Issue
08

The lake of memories

The lake of memories The lake of memories

Imagine you are in front of a body of water that looks like a green river, with jagged coasts and a series of Nordic-looking fjords. Imagine going from one bank to the other through bridges built ad hoc, especially at the end of the summer day, with the shades of sunset.

Imagine walking through oak and chestnut woods. Imagine sitting on the bank of a small beach to listen to the silence. Imagine that between the fjords are villages with an ancient atmosphere, made by stone squares, bell towers and short panoramic roads.

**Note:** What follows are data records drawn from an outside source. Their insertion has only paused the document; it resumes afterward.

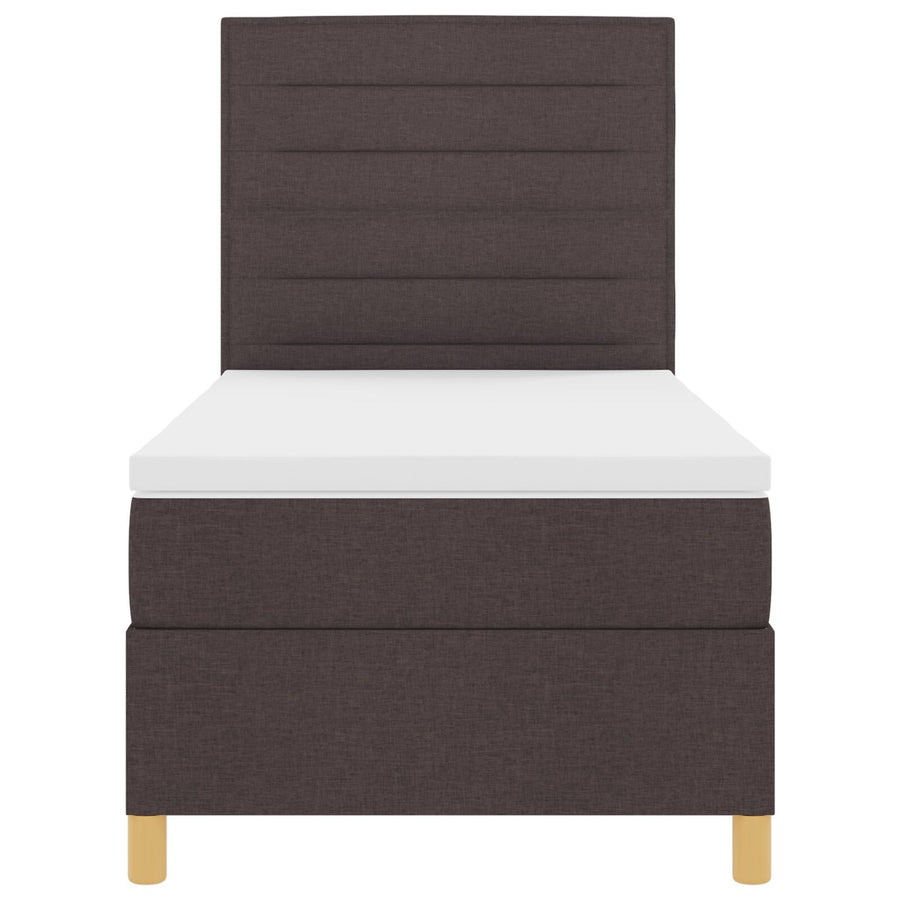 Boxspringbed Met Matras Donkerbruin 100X200 Cm Stof Blauw
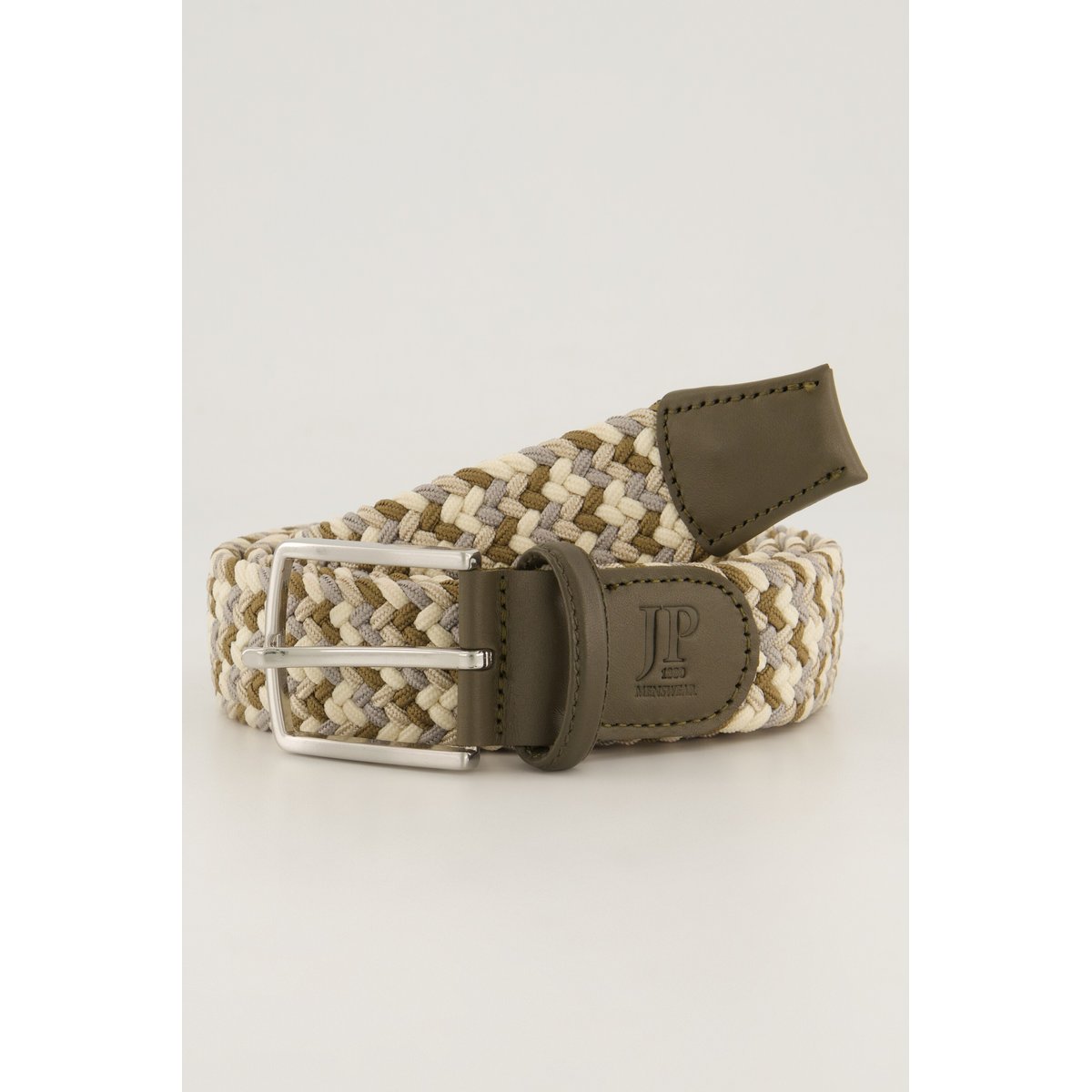 Ceinture tressée, boucle métallique noisette, JP1880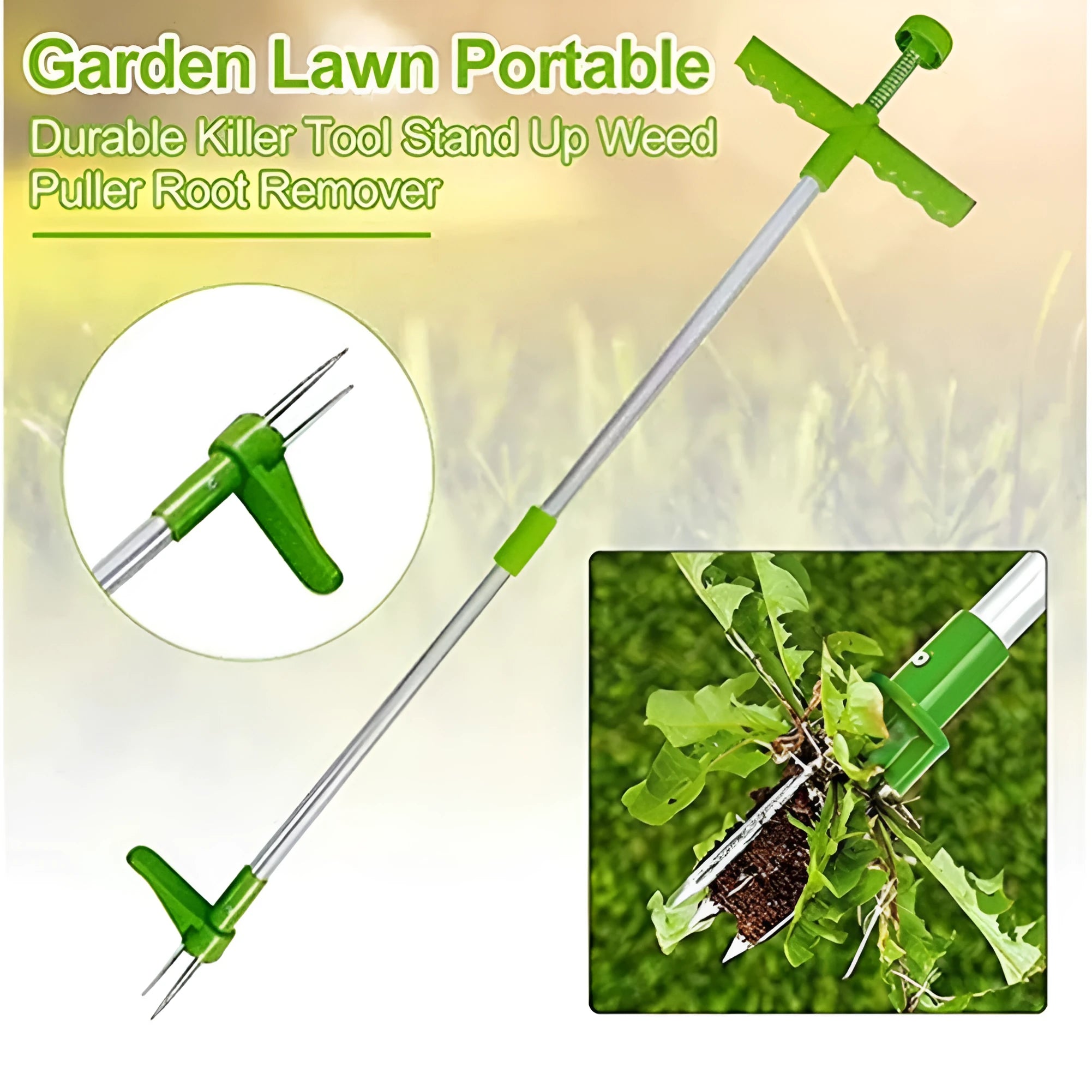 Creative manual weeding tool with aluminium handle and plastic head on garden soil.
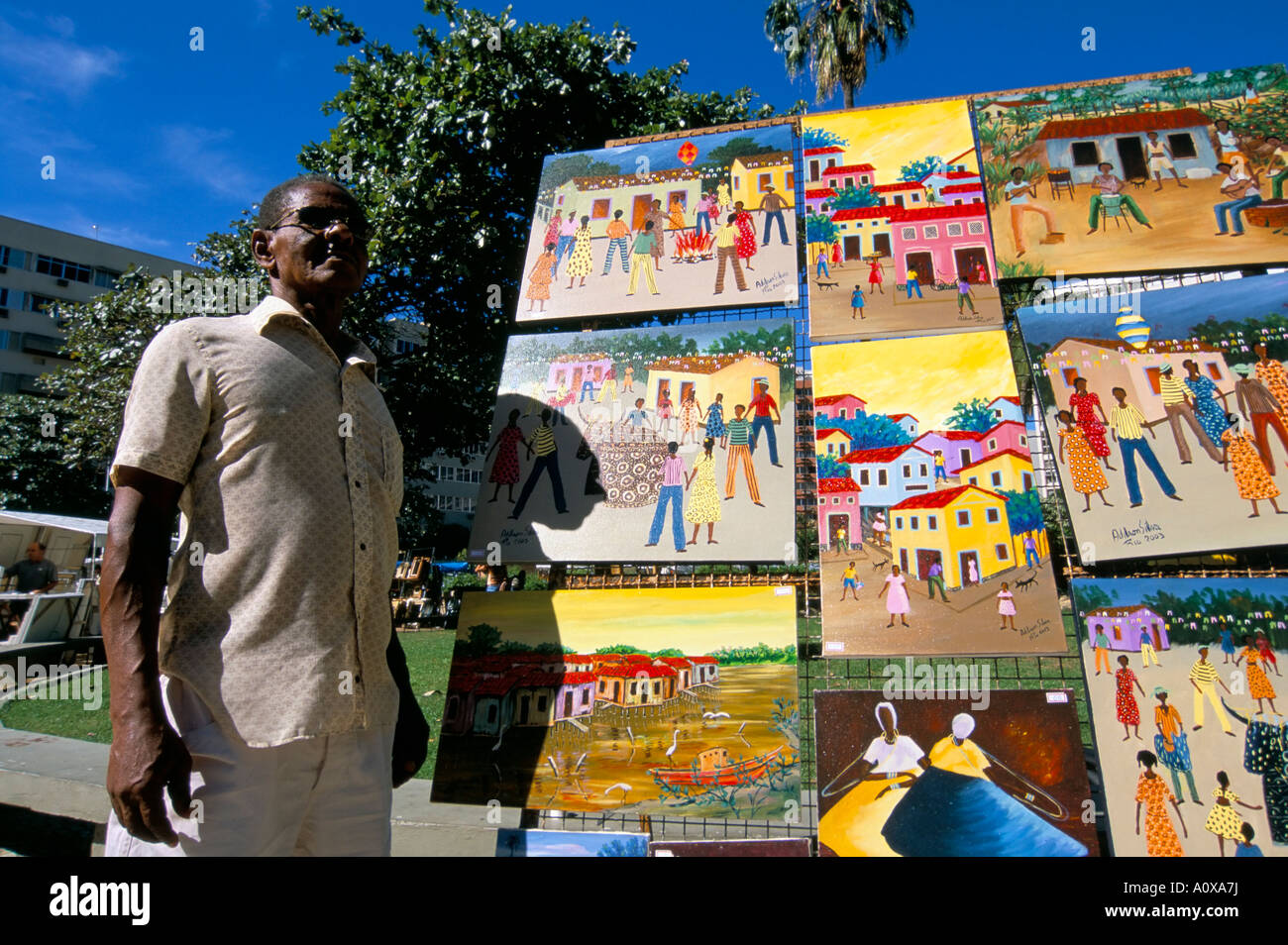 Artigianato e arte fiera Ipanema a Rio de Janeiro in Brasile America del Sud Foto Stock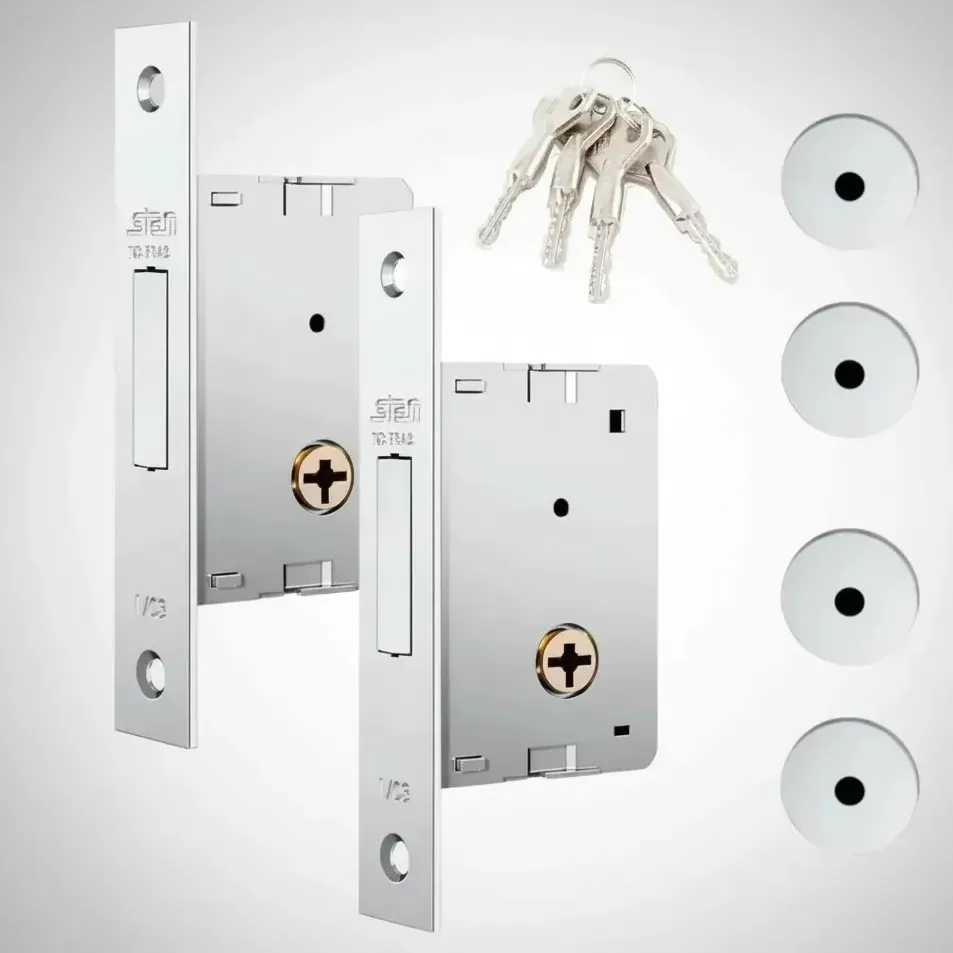 Imagem do produto Stam Fechadura Auxiliar 1003 (Par) Espelho Inox Trava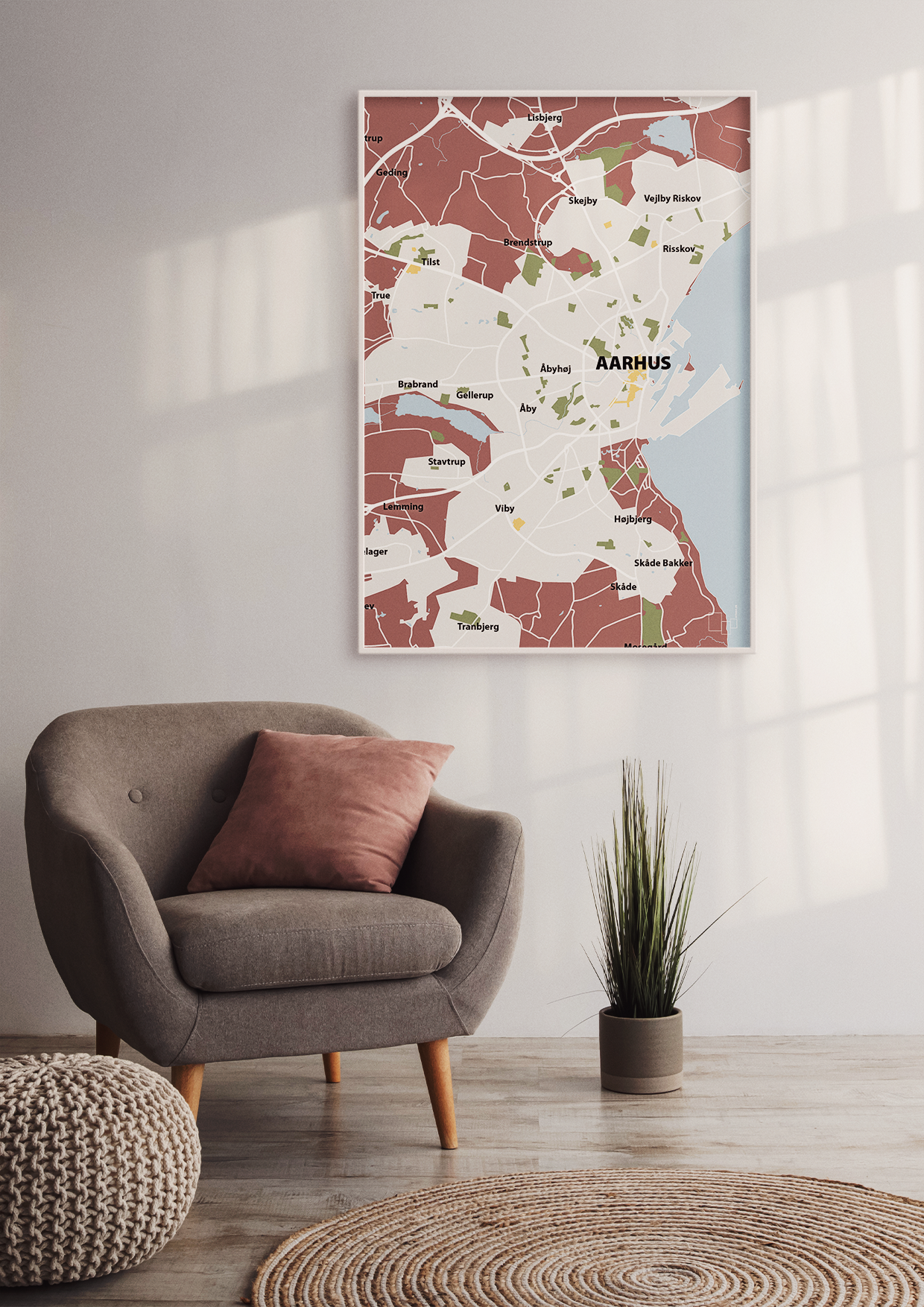 plakat: byplakat aarhus - kort - graphic charcoal-Byer-A1two3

A place like this in Lazio really exists: it is in the province of Rieti. It is not a river, but a lake, that of Salto, the largest artificial basin in the region, born in 1940 from the damming of the watercourse of the same name.

Lake Salto has a troubled history, because the works carried out to build the dam involved a radical change in the landscape, for which many people paid with their lives. Taglieto, Fiumata, Sant'Ippolito, Borgo San Pietro: all the villages in the valley were wiped out due to the flood and then rebuilt on the shores of the lake, following the raising of that 90-meter dam, at the time the largest in Italy. A small underwater world that one can’t help but imagine.

For some observer, the Valle del Salto is the “Switzerland of Italy”. Someone else has described it as a possible Atlantis. Beyond the often common definitions, the suggestions of this place are so strong that in 2013 the director Gabriele Salvatores shot a part of the film “Siberian Education”, from the novel by Nicolai Lilin, right among the fjords of the lake.